Jazz legend Ornette Coleman’s 1971 album, SCIENCE FICTION, was the defining point of Asha’s arrival on the American stage of high art and deep music.  In his fantastic and expansive essay, DISCO MYSTIC, author and music critic David Keenan writes:

..it is the presence of Indian vocalist Asha Puthli, the woman who fell to earth, that provides the oracular link, the passage to the future of synthesized freak. Puthli was a protégé of John Hammond at Columbia Records, but Hammond failed to find the right vehicle for her combination of classical Indian modulation, sci-fi sex kitten eroticism and Kate Bush-esque performance style until he passed her demo onto Coleman.

Puthli appears on two tracks on Science Fiction – “What Reason Could I Give” and “All My Life” – where the group’s complex rhythms, pulling two ways at once, open out the ballad form in order for her to undress it completely. “What reason could I give,” she sighs, singing from deep inside the track, the third eye of the storm, “to live / Only that I love you / How many times must I die for love / Only when I’m without you / Where will the clouds be / If not in the sky / When I die?”

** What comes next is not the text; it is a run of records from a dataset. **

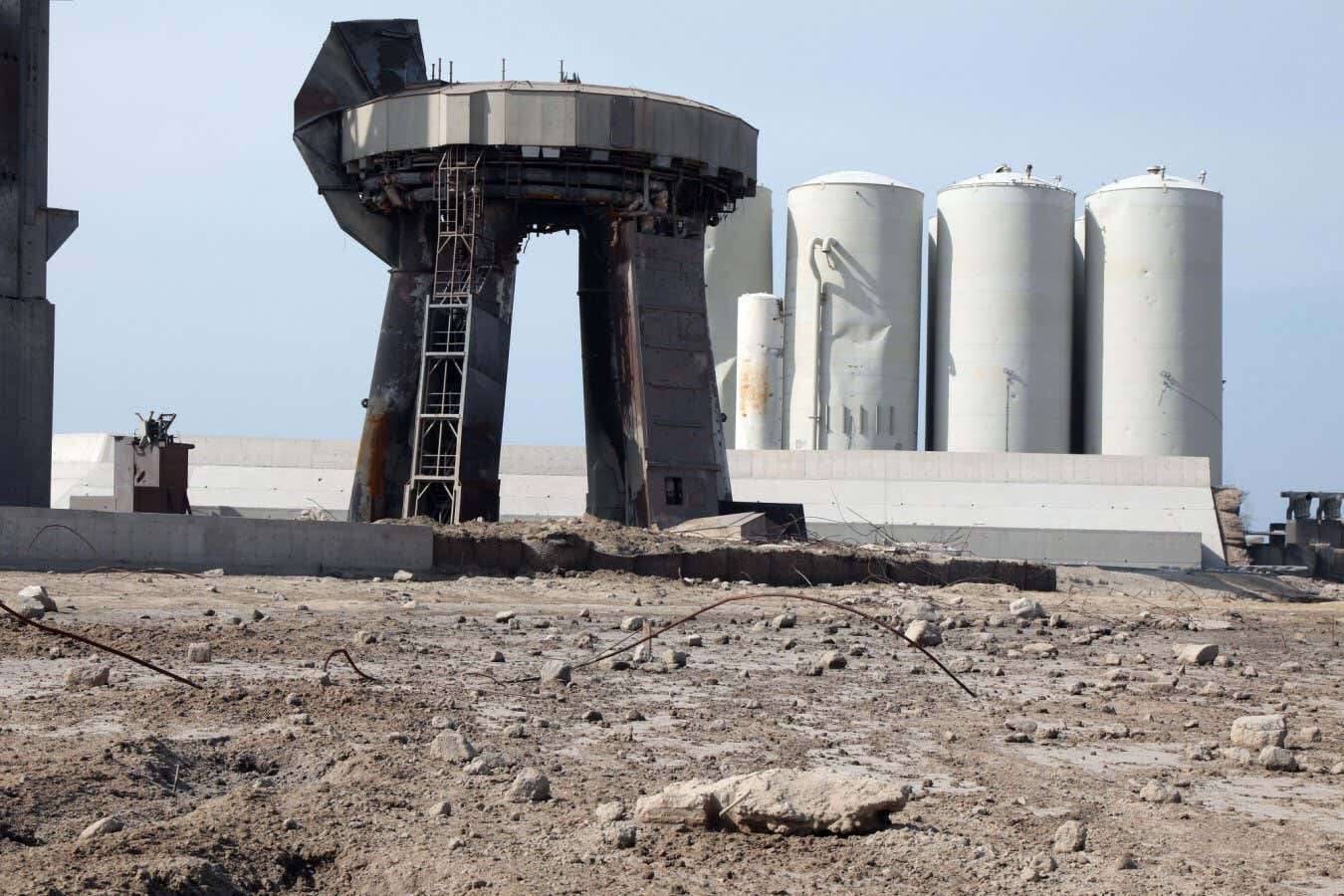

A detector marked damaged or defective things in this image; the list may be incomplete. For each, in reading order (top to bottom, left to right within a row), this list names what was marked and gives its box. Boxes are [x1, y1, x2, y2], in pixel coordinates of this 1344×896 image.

burnt metal structure [0, 0, 77, 505]
burnt metal structure [294, 19, 758, 532]
damaged launch mount [294, 19, 758, 532]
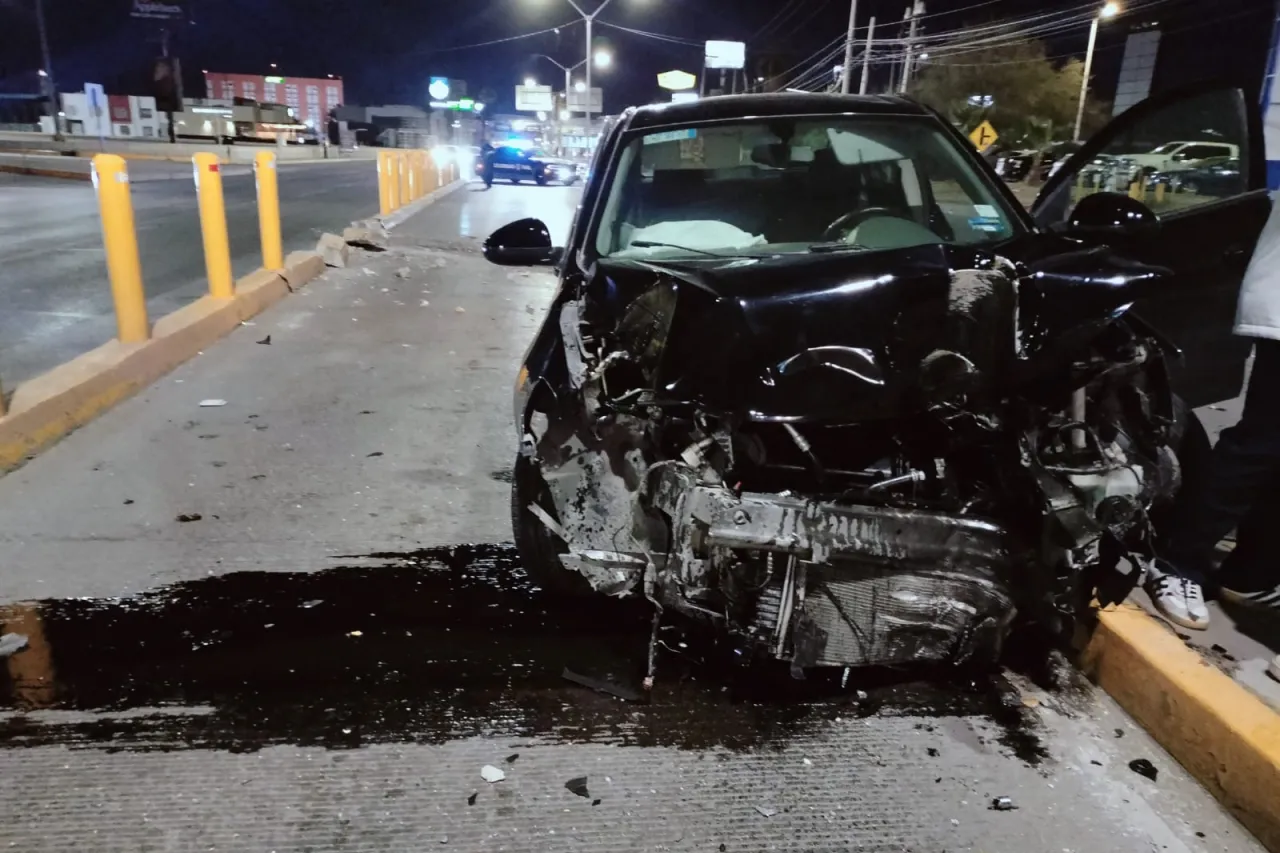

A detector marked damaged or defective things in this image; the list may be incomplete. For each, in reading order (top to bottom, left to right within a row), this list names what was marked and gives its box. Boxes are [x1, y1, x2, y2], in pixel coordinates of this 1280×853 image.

detached side mirror on ground [1059, 188, 1162, 235]
detached side mirror on ground [481, 216, 563, 266]
wrecked black suv [481, 84, 1269, 676]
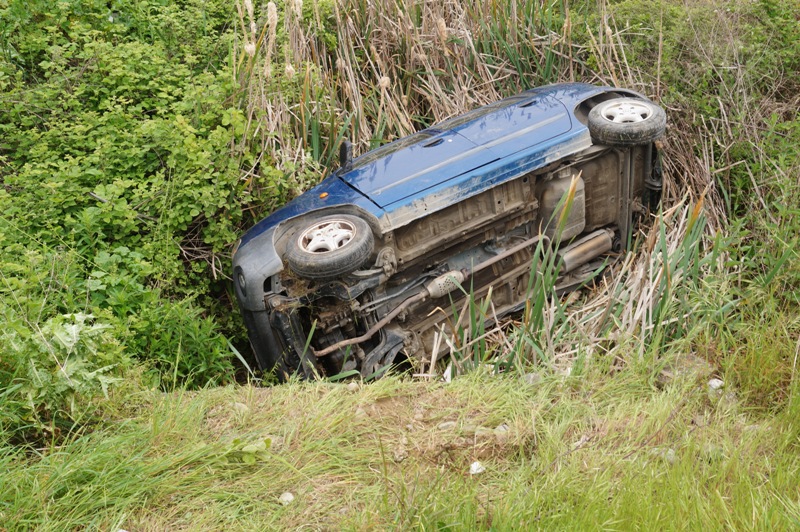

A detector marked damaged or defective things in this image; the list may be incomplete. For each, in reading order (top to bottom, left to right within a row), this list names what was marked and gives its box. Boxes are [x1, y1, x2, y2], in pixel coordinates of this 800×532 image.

overturned car [234, 83, 664, 380]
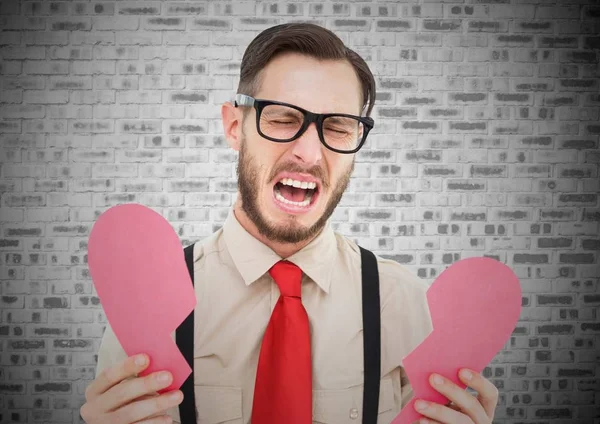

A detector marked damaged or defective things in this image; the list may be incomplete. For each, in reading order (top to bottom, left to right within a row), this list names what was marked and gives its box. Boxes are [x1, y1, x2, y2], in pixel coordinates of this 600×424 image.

broken heart cutout [88, 204, 196, 392]
broken heart cutout [392, 256, 524, 422]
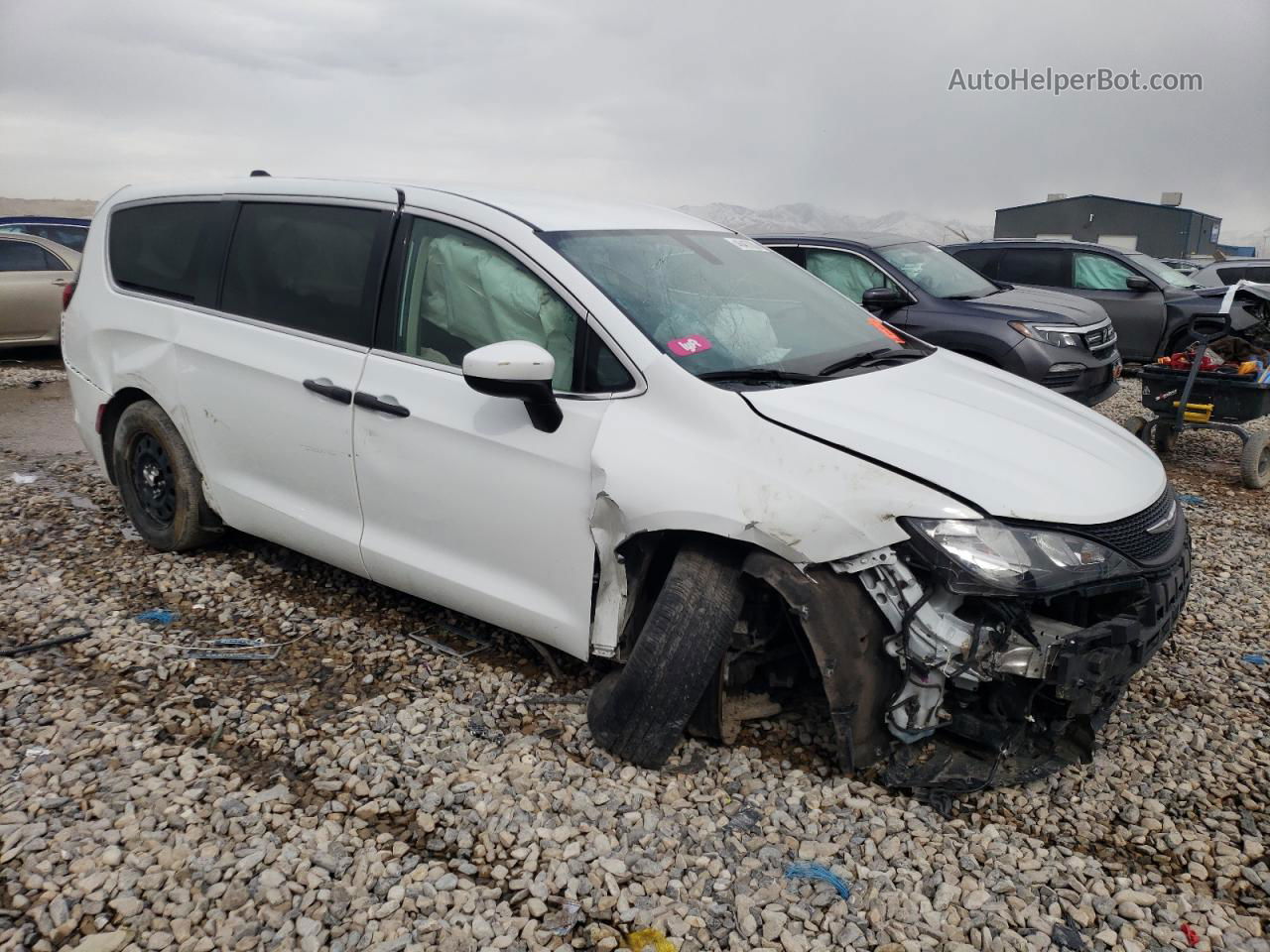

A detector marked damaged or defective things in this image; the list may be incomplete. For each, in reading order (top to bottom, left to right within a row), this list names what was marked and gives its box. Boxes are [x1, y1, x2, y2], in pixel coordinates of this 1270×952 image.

damaged headlight [905, 516, 1127, 591]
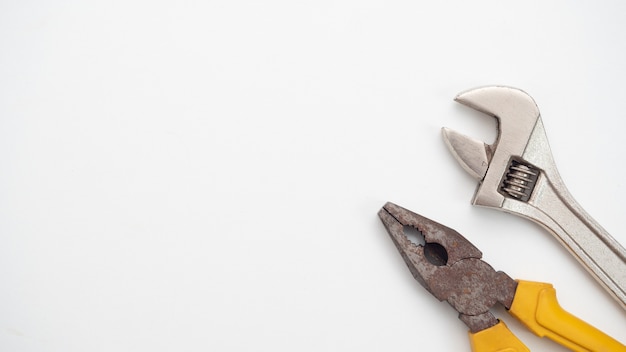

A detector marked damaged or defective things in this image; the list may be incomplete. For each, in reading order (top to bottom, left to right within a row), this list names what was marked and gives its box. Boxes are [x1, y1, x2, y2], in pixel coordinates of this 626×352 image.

rusty pliers [376, 202, 624, 350]
rusty pliers [438, 86, 624, 308]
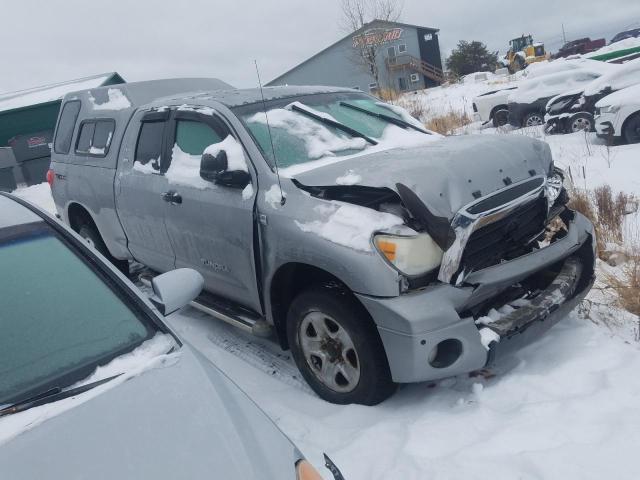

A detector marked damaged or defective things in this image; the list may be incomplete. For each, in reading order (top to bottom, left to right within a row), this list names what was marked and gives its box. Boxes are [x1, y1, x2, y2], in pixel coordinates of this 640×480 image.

But just as Coleman helped invent Puthli as a future disco icon, Puthli took Coleman’s science fiction out into the wild. Over a span of ’70s and early ’80s recordings with titles like 1001 Nights Of Love and I’m Gonna Kill It Tonight, Puthli, under the spell of Coleman’s break with the past, minted a form of free-floating ultra-sexualised intergalactic disco that matched hyperventilating time with erotic electronics and surreal sonic environments.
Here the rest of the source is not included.